Yes, man, I had somebody get in touch with me a little while ago and say, I’m about to get married, what are the top six books on marriage? My wife and I want to read six books on marriage. And I said, I’ll give you two books and I want you to get with people in your church.

Find married people, a wife who looks like she really loves her husband, a husband who looks like he really loves his wife, or even better a husband and wife who look like they really, really dig one another, even after many years of marriage, and just spend time with them.

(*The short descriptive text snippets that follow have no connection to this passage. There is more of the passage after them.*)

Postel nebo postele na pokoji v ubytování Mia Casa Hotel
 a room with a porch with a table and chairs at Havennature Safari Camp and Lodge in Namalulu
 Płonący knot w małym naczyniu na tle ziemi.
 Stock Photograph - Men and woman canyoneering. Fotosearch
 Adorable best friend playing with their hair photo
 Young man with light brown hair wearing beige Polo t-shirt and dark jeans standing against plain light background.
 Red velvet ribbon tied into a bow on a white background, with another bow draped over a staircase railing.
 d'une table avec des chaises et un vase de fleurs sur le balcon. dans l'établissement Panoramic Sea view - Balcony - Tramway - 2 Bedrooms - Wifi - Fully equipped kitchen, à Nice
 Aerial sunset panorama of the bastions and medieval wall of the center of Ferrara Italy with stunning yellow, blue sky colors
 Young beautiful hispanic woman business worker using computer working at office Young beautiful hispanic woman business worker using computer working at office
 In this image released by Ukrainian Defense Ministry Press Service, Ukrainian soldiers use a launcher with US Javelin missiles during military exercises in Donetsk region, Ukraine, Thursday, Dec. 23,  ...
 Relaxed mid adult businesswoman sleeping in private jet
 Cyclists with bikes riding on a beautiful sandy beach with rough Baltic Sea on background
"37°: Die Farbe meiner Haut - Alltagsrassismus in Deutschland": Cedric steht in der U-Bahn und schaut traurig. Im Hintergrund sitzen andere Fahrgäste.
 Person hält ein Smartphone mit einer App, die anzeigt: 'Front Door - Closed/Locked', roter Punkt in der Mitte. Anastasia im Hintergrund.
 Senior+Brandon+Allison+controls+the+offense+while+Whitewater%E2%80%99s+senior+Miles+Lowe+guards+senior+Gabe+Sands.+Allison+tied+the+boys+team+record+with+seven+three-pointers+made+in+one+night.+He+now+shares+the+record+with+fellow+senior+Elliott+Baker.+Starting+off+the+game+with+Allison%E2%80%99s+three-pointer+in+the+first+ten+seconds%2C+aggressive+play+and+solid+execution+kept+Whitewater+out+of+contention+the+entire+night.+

So, find a couple of good books, you’ve got lots to choose from on marriage and read them, read them together, but man, get with people in your church. God gives us the church for that reason, so we can model Christian life, model godliness, model marriage to one another. And I think Christian couples should be honored and blessed if someone comes and says, we want to be like you, so can we spend time with you. That might cut hard against your Britishness, that might cut hard against your personality, but I think that’s well in play in the Christian life, in the Christian church. I mean, we are in community and it ought to be a way that you’re learning because books are great, but you don’t know that person, you don’t really know what’s going on, you don’t get to see the body language, you don’t get to see the look in his eye when she does something or when he does something. You know, all of that is instructive, you don’t get to see Tim Keller do family devotions, right. But you can do that, invite yourself over to someone’s house and stick around for an evening and see how they do family devotions, see how they discipline kids when they’re naughty, just be around them. See how they love one another, see how they relate. Really the other marriages in the church, that is your textbook. See how they apply God’s truth in particular circumstances.

I think one of the funny things you realize pretty quickly in marriage is that you think you’re normal, your marriage is normal and everyone else’s marriage is weird. You know, either they’re overbearing or they’re too casual or something, but you realize there’s this massive spectrum of normalcy in marriage. People relate very, very differently and that’s awesome, that’s part of the joy of it, is we can be ourselves and we can be a unique couple

What is your foremost concern for the church in the 21st century?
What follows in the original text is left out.